Changing the Structure of Your Model
MDS does not version metadata changes. Any changes to the model structure affect all open and committed versions. If an attribute or entity is deleted, for example, all history for that attribute or entity is lost from all versions forever. When you need to maintain historic data, we suggest that you use security permissions to hide attributes or entities instead of deleting them. You can also hide attributes by setting the display width to zero or by not adding them to attribute groups.
When you add an attribute or entity, the model structure is updated in all versions as well. You can add the corresponding data to any version of the model; if you add data to a later version, the structure exists in the earlier versions, but the data does not.
Sometimes users and downstream systems need to be certain that all data has been validated and reviewed. Because MDS allows incomplete members to be added to the system and encourages users to manage the data creation and correction workflow from within MDS entities, it may not be reliable for external production systems to use open or locked versions. Only committed versions ensure that all members in every entity within the model have passed all business rules successfully. Once a version is committed, no additional changes can be made to the data, and the status of the version cannot be changed.
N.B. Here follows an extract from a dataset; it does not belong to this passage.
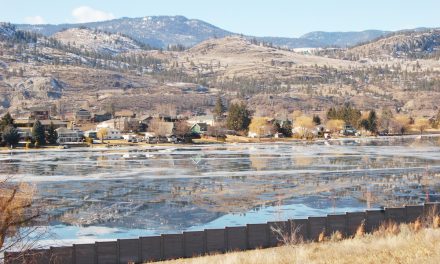 Commission eases stance on land designation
Chapter 8: SQL Server 2012 MDS Add-In for Excel
More master data is stored in Excel than in any other application on the planet. Some smaller companies use this solution because it is cost effective and easy to use. Others use it to store their “homeless” data in worksheets because it is the tool they are most comfortable with. Even the largest organizations with the greatest, most well-designed MDM systems available struggle with the propagation of master data in Excel.
In SQL Server 2012, the Master Data Services team has attempted to harness the power of Excel to give users all the security, audit, and management features of MDS in a package that Information Workers are most comfortable with. In this chapter we will explore working with MDS data in Excel and the benefits of doing so.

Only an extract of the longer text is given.